[BRIEF]: Taking only the lines of the data below from the line with "Duffy sandal fra Redesigned" to the line with "ASTOG F 5FX Beyaz Erkek Çocuk Spor Ayakkabı", ends included, write them out exactly and without pictures.

===== RECORDED INFORMATION =====

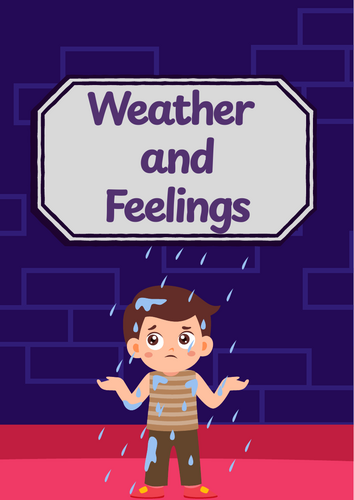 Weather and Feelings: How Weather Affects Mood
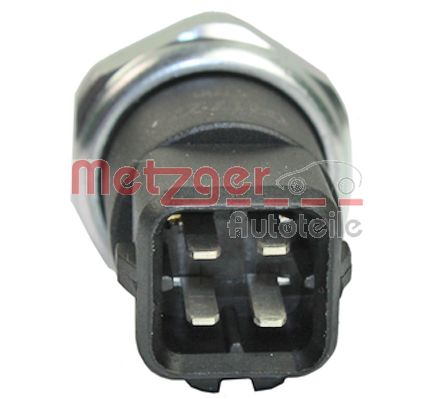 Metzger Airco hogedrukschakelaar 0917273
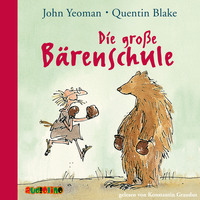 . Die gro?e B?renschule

=====
===== RECORDED INFORMATION =====

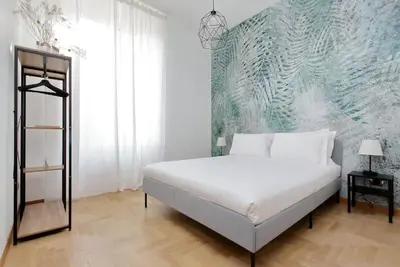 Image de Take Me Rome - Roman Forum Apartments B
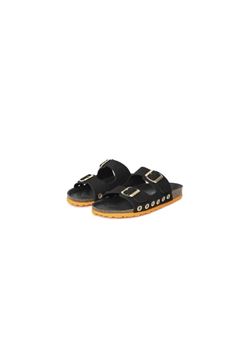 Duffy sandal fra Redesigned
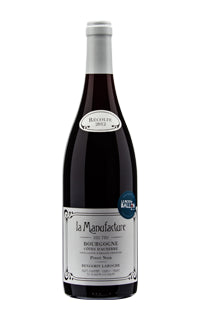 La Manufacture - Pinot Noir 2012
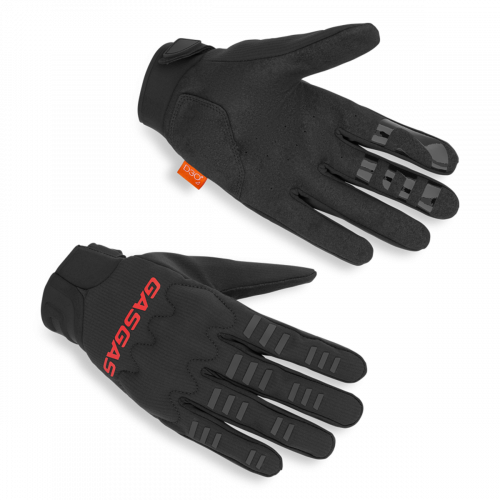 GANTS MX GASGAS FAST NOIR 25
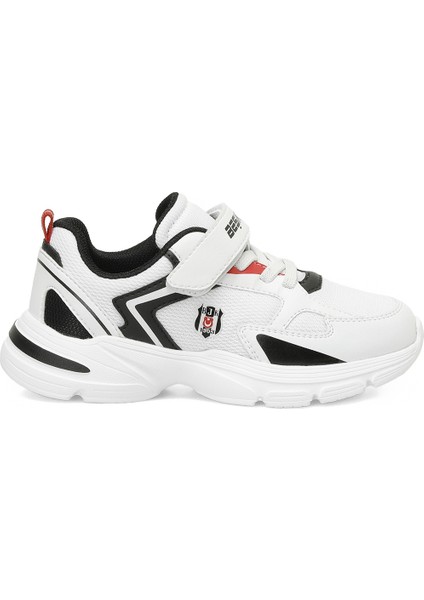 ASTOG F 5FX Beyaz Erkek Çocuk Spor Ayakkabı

=====
===== RECORDED INFORMATION =====

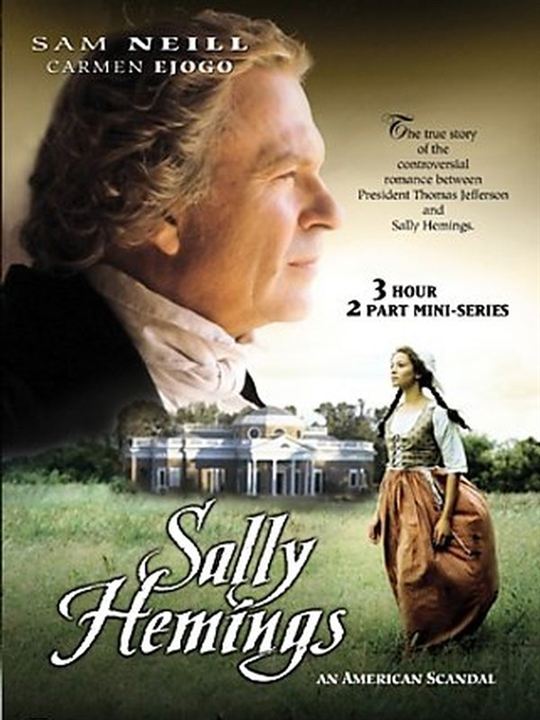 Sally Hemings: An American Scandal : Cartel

=====

[OUTPUT FOR THIS EXERCISE]:
 Duffy sandal fra Redesigned
 La Manufacture - Pinot Noir 2012
 GANTS MX GASGAS FAST NOIR 25
 ASTOG F 5FX Beyaz Erkek Çocuk Spor Ayakkabı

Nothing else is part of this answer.